A l’occasion du festival Alternatiba à Genève, j’ai eu la chance de participer le 22 septembre passé à une table ronde sur « La place de la spiritualité dans la transition ». Et je reçois beaucoup de demandes autour de son enregistrement. Les propos qui ont été échangés avec Noémie Cheval et Michel Maxime Egger, seront bientôt restitués sur le site de la Pensée Ecologique.

Pour ce blog, j’aimerais me concentrer sur le mot même de « spiritualité » dont j’ai constaté (et relevé au début de la table ronde) qu’il suscitait souvent un malaise, pour ne pas dire une frayeur.

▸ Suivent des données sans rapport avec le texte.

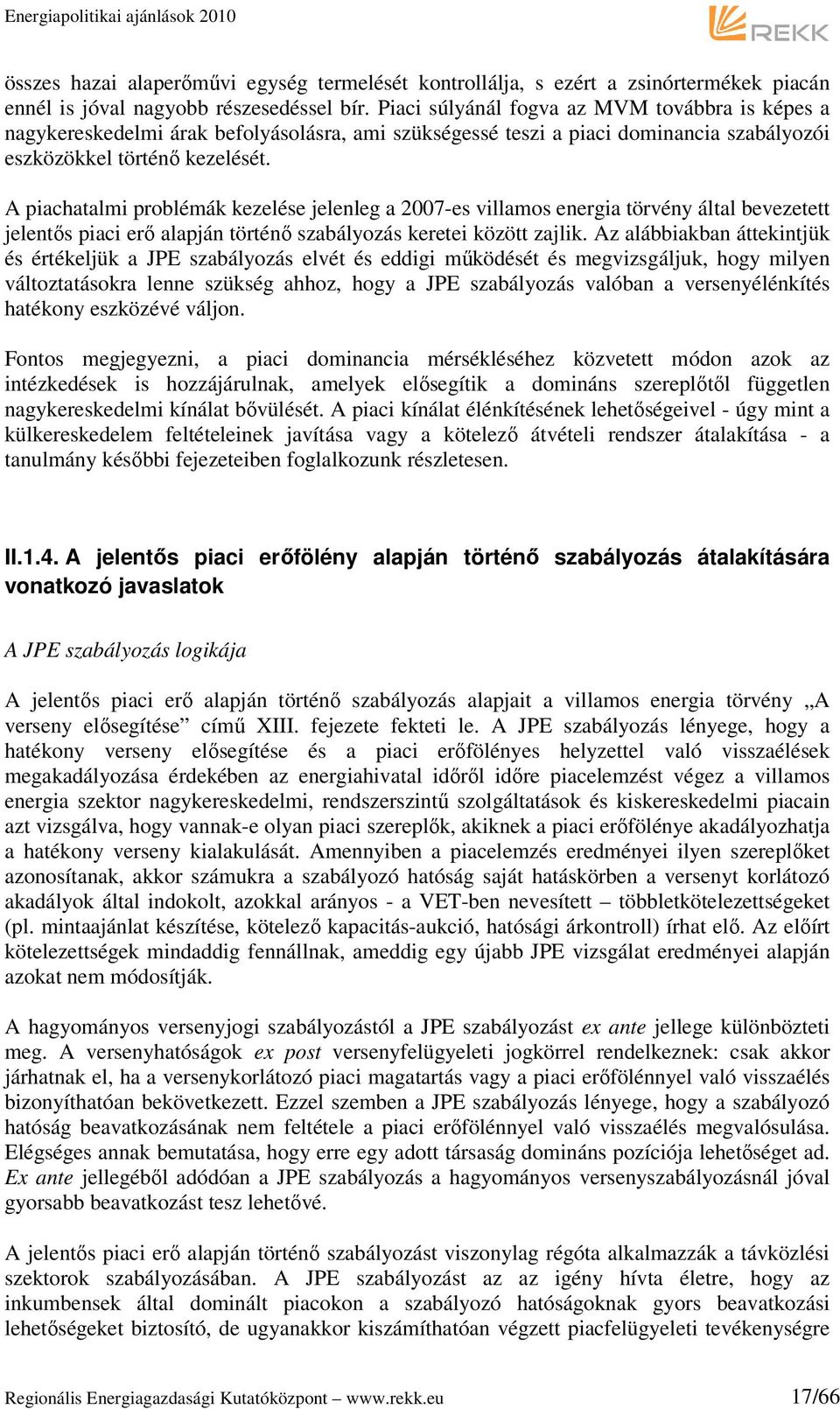 A piachatalmi problémák kezelése jelenleg a 2007-es villamos energia törvény által bevezetett jelentős piaci erő alapján történő szabályozás keretei között zajlik.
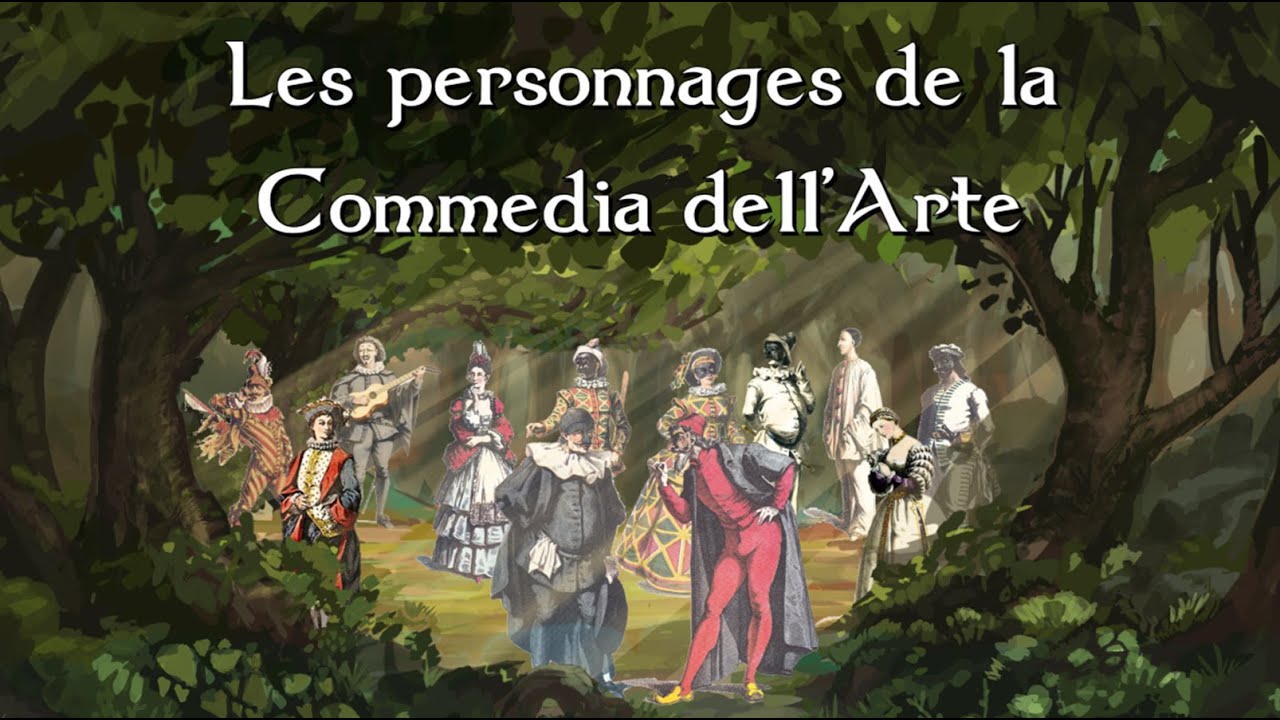 Les Personnages Types de la Commedia dell'Arte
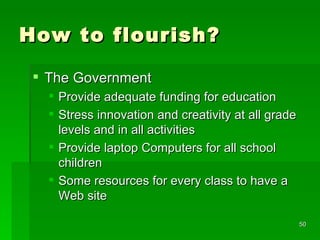 How to flourish? The Government Provide adequate funding for education Stress innovation and creativity at all grade levels and in all activities Provide laptop Computers for all school children Some resources for every class to have a Web site 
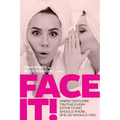 Face It! Harsh Skincare Truths Every Esthetician Should Know... And So Should You - Paperback
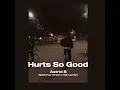 Download Lagu Hurts So Good - Speed Up Version (Not Lycris!) (Astrid S)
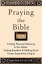 Praying the Bible Finding Personal Meaning in the Siddur, Ending Boredom &Making Each Prayer Experience UniqueŻҽҡ[ Rabbi Mark H. Levin ]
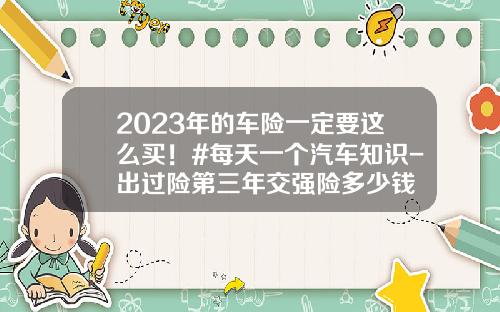 2023年的车险一定要这么买！#每天一个汽车知识-出过险第三年交强险多少钱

Pourquoi évoquer la spiritualité fait-il si peur ? Cela a-t-il à voir avec le sentiment d’une intrusion dans la sphère privée, celle des croyances personnelles et devant le rester ? Ou bien cela a-t-il à voir avec le mot lui-même, ou encore avec les confusions qu’il peut susciter ?

Spirituel, vous avez dit spirituel ?

D’après une étude du Monde de 2015, plus de la moitié des Français ne se réclament d’aucune religion. Le pays où se concentrent le plus d’athées est la France (40%). D’après cette même enquête du Monde, les personnes se déclarant catholiques et allant à l’Eglise représenteraient un pourcentage de 4,5%. L’étude est intéressante en ce qu’elle tente également une corrélation avec le PNB tout en relevant des biais, notamment la confusion entre athéisme, agnoticisme et déisme. Mais attention la spiritualité n’est pas la religion ! Et au niveau mondial, la proportion de personnes déclarant appartenir à une religion avoisinerait les 60%.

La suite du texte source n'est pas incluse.